Wildlife carvings an attraction
On East 6th Street in Davenport, right about where the town meets the country, Leon and Connie Siefert’s yard has become an attraction.
Leon, who joined Connie in Davenport in 2015 after retiring — she moved to Davenport in 2013 and he worked in Kansas — didn’t plan it that way.
“I hated to cut them down. It seemed like a waste,” Leon said about his disease-ridden trees. “I hate to waste a tree.”
Leon, who has several hobbies, always wanted carvings.
“I like stuff I can’t do,” he chuckled while standing near the carved eagles that flank the west side of his driveway. Leon has had carver, Jim Polanek out of Missouri at his home twice.
“He had it down and brought three or four chain saws. The big eagles were $500 to $600. He made those and brought them to me.”
Leon points to one of his outbuildings, where small bears climb up the poles above more bears and a watchful owl sits inside.
“Bears were his specialty. It took him an hour or less to carve them. Here are two bears, their eyes are the best,” Leon said about Polanek, who has since retired.

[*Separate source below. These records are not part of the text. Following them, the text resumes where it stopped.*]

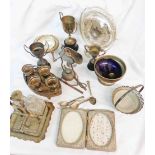 A box containing a quantity of silver plated items including egg cruet, trophy cups, etc.
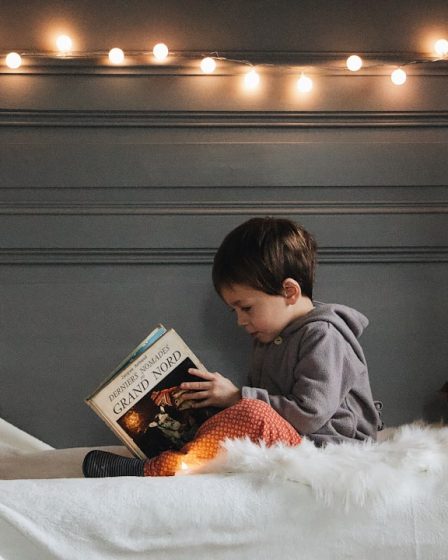 boy reading book on bed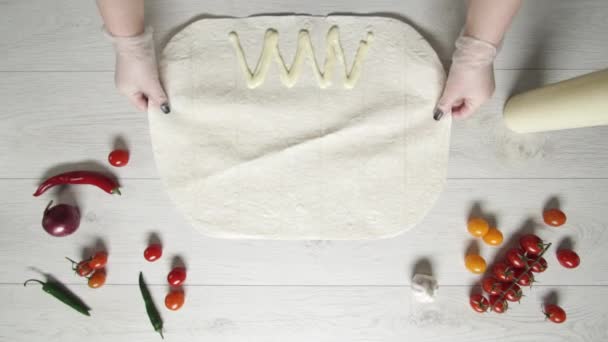 Vrchní pohled na ruce šéfkuchaře v bílých rukavicích klade pita nebo lavash na stůl. Vaření shawarma s kuřecím masem, hranolky, sýrem a zeleninou — Stock video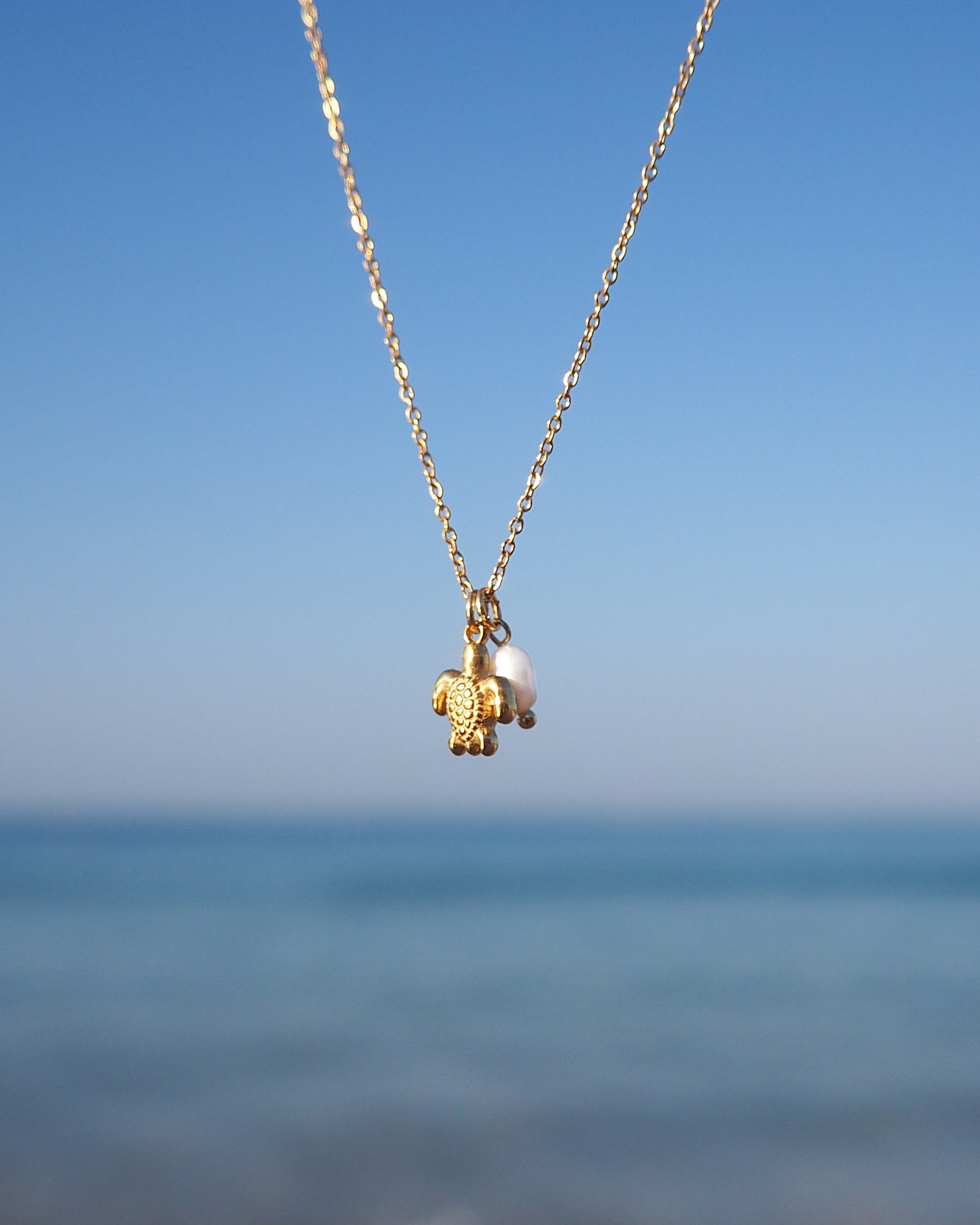 Close up of Tiny Turtle Pearl Necklace with ocean background, Gold Necklace with freshwater pearls and 18k gold turtle pendant, Minimalistic Ocean Inspired Jewelry, Jewelry for Beach Girls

Polanek traveled through Nebraska and neighboring states to carve. For Leon and Connie, all types of wildlife were etched into sawed-off trees.

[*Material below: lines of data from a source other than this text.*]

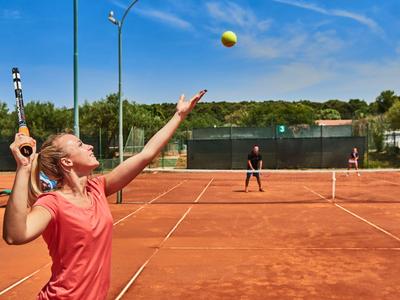 Une femme sert la balle sur un court de tennis en terre battue rouge par temps ensoleillé.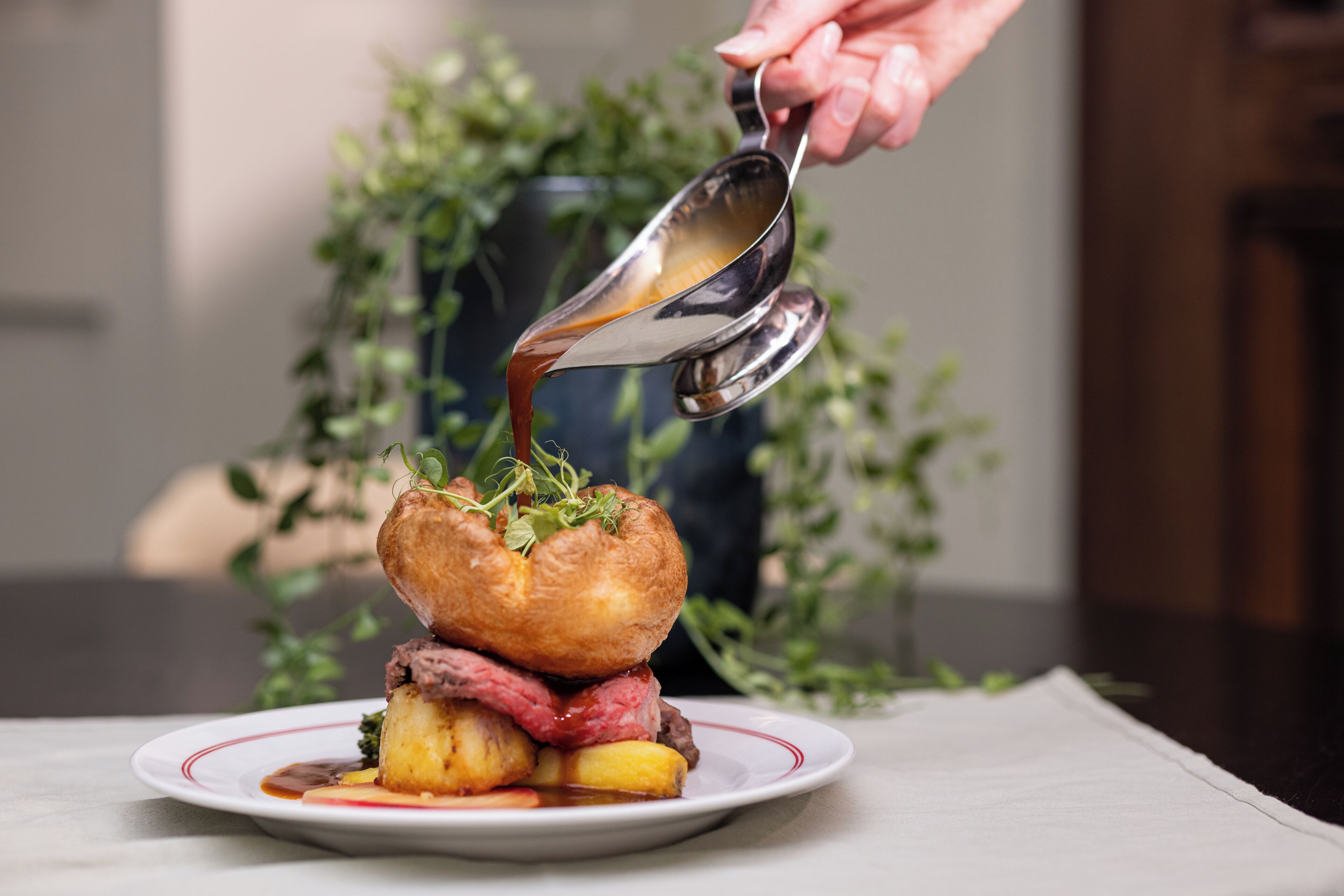 A plate of food with a meat and potato dish, a sauce being poured over it, and a hand holding a spoon.
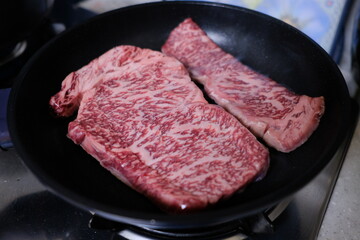 Beef sirloin grilled on a frying pan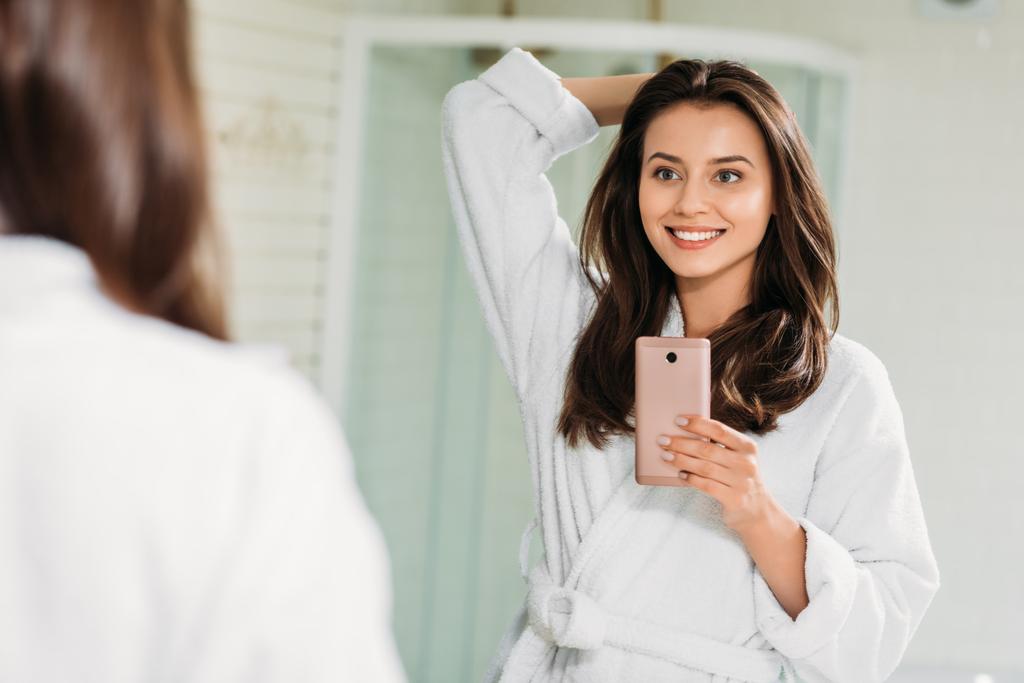 schöne lächelnde junge Frau im Bademantel macht Selfie mit Smartphone im Badezimmer  - Foto, Bild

“At first, we didn’t know what we wanted,” Leon said. On the east side of his driveway, a blue heron, cardinal and duck were sculpted.
“I have three or four people who want carvings. You’d be surprised at how many people stop and want pictures. I say, ‘Heck yes,’” Leon said.
Leon is on the hunt for another wood carver. He is thinking of adding a panther to his collection.
The trees aren’t the only attraction in the Sieferts’ yard. A colorful metal life-sized chicken next to the flagpole continues to draw kids.
“The Shickley kids will stop once a year and run up to take pictures. They like it,” Leon said.
The chicken was a gift to Connie after she returned home from her sister’s funeral in Minnesota.
“I didn’t know if she’d like it. She just loves it,” Leon said.
Leon and Connie originally moved to Davenport to be closer to their daughter, Emily Siefert, who is the band director for Thayer Central.
“We like it here 110 percent. The people are real friendly. They’re just happy,” Leon said.